The party or the legal representative must seek such relief “within a reasonable time, in no case exceeding six months, after the judgment, dismissal, order, or proceeding was taken.” (Code Civ. Proc., § 473, subd. (b); see Rappleyea v. Campbell (1994) 8 Cal.4th 975, 980 [“because more than six months had elapsed from the entry of default, and hence relief under section 473 was unavailable”]; People v. The North River Ins. Co. (2011) 200 Ca.App.4th 712, 721 [motion for relief under section 473 must be brought “within a reasonable time, in no case exceeding six months”]).  “The six-month limit is mandatory; a court has no authority to grant relief under section 473, subdivision (b), unless an application is made within the six-month period.”  (Arambula v. Union Carbide Corp. (2005) 128 Cal.App.4th 333, 340, citations omitted.) 

 

Here, the Clerk of the Court entered default as to Defendant on July 20, 2021. 

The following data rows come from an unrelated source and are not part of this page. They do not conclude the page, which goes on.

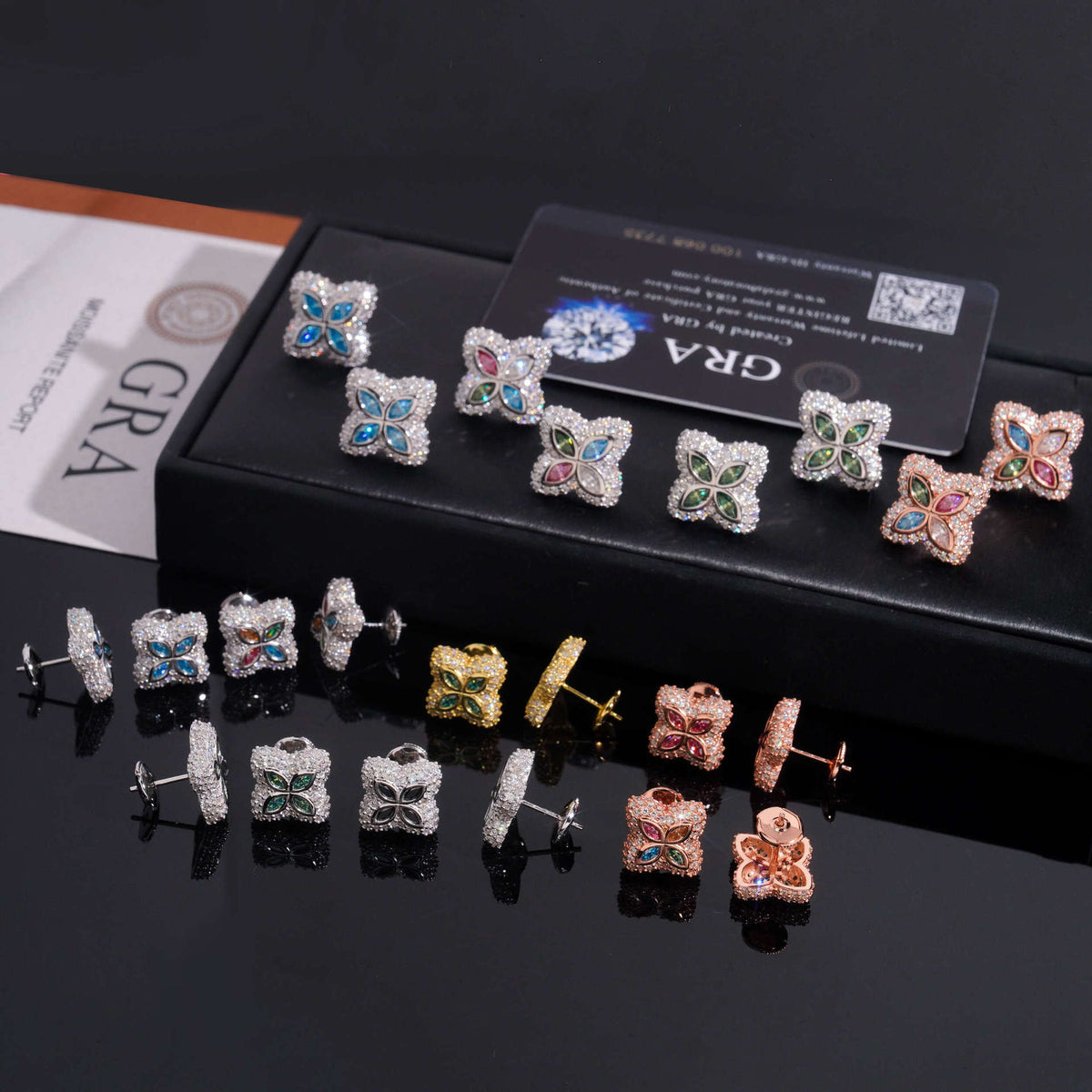 Multicolor iced out four-leaf clover moissanite stud earrings in box showing screw back posts and back view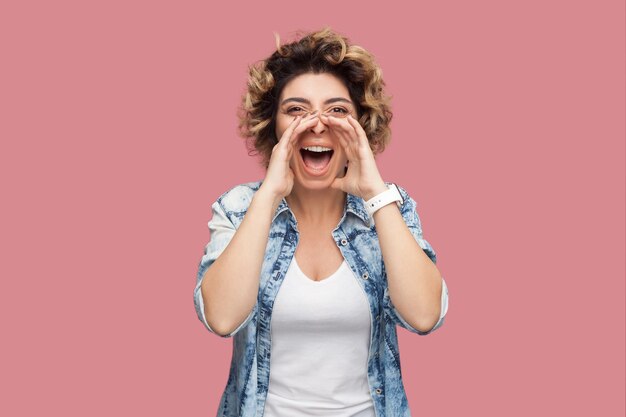 Foto retrato de una mujer joven de pie contra un fondo azul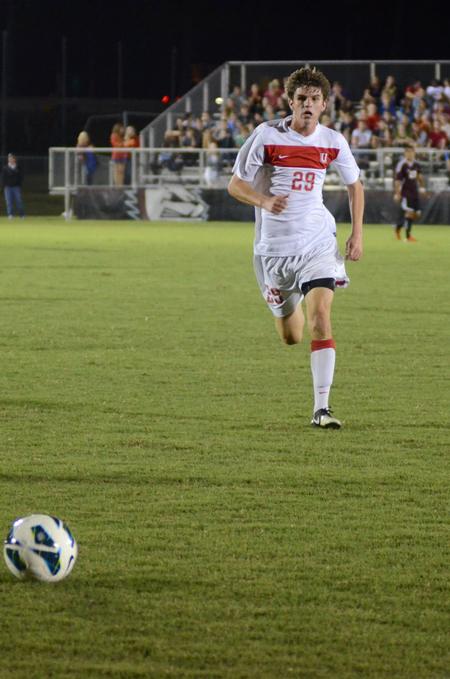 Bulldog Connor Burns runs to keep possession of the ball during a game against Christian Brothers University. - Photo by Anne Richoux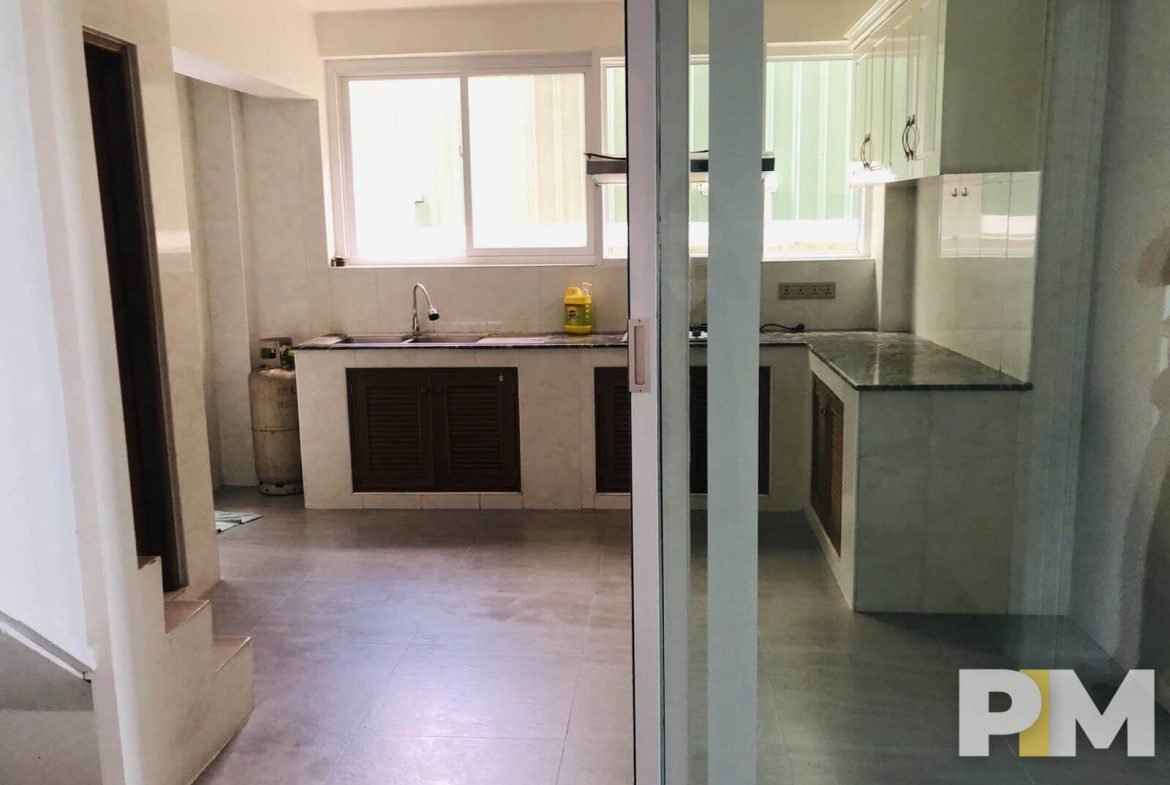 kitchen with cabinets - property in Yangon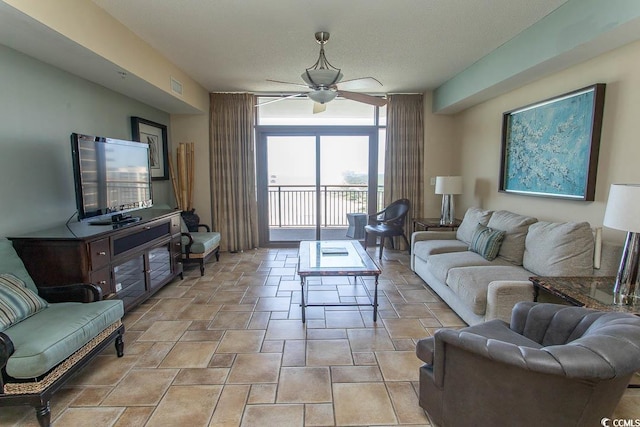 living area with stone finish flooring, a ceiling fan, visible vents, and floor to ceiling windows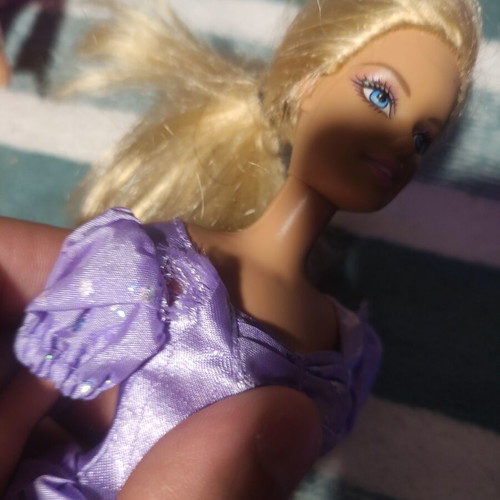 Barbie with lilac dress used, torn shoulders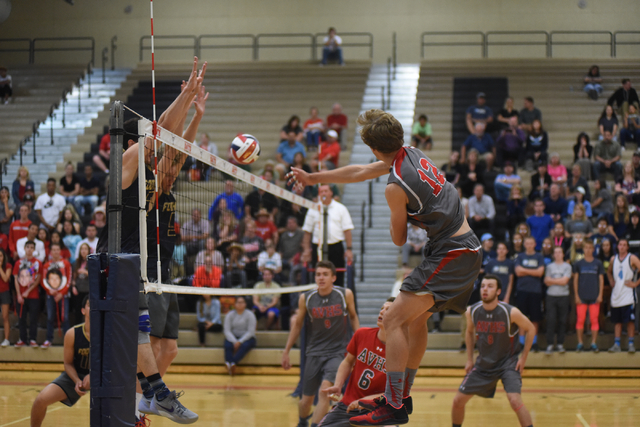 Arbor View’s Brenden Wagner (12) spikes the ball against Foothill during their Divisio ...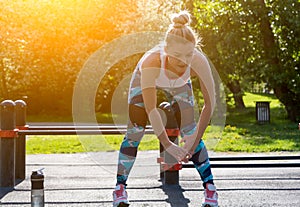 Shot of fit young woman stretching at urban park. Chinese female model in sportswear doing warm up exercise at park in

Defendant filed this motion on June 7, 2022, which is ten months and eighteen days after the Clerk of the Court’s entry of default.  Accordingly, the Court finds Defendant’s motion to set aside the Clerk of the Court’s entry of default to be untimely.  Because Defendant’s motion is untimely with respect to the Clerk of the Court’s entry of default, the Court is thus unable to set aside the default judgment entered against Defendant despite Defendant’s motion being timely in that regard.  (See Pulte Homes Corp. v. Williams Mechanical, Inc. (2016) 2 Cal.App.5th 267, 273 [finding that where a motion to set aside default and default judgment is untimely as to the default but still timely as to the default judgment, a court cannot set aside a default judgment under Code of Civil Procedure section 473 “because that would be ‘an idle act’”].)[1] 

 

            Finally, Defendant’s argument that the default judgment is void for failure to satisfy the notice requirements of Code of Civil Procedure section 580 is incorrect.  Section 580 provides, in relevant part, “[t]he relief granted to the plaintiff, if there is no answer, cannot exceed that demanded in the complaint, in the statement require by Section 425.11, or in the statement provided for by Section 425.115[.]”  (Code Civ. Proc., § 580, subd. (a).)  Defendant fails to establish that the relief granted to Plaintiff on April 18, 2022, exceeds the amount provided in the statement of damages Plaintiff served on Defendant on October 21, 2020.  Instead, Defendant conflates Plaintiff’s Request for Entry of Default filed on July 20, 2021, and Plaintiff’s subsequent Request for Court Judgment filed on March 28, 2022, in connection with the Court’s entry of default judgment on April 18, 2022.  Defendant incorrectly asserts, first, that the July 20, 2021, Request for Entry of Default must include state the amount of Plaintiff’s proposed judgment, and second, that Plaintiff’s failure to include such amounts voids the judgment.  Defendant’s argument is not supported by statute or case law, including Code of Civil Procedure section 580.  Defendant’s argument is thus without merit.

 

            Accordingly, the Court denies Defendant’s motion to set aside default and default judgment. 

 

            The Clerk of the Court shall provide notice of the Court’s ruling. 



[1] The Court of Appeal’s rationale in Pulte Homes was that “[i]f the judgment were vacated, it would be the duty of the court immediately to render another judgment of like effect, and the defendants, still being in default, could not be heard in opposition thereto[.]”  (Pulte Homes Corp., supra, 2 Cal.App.5th 267 at p. 273.)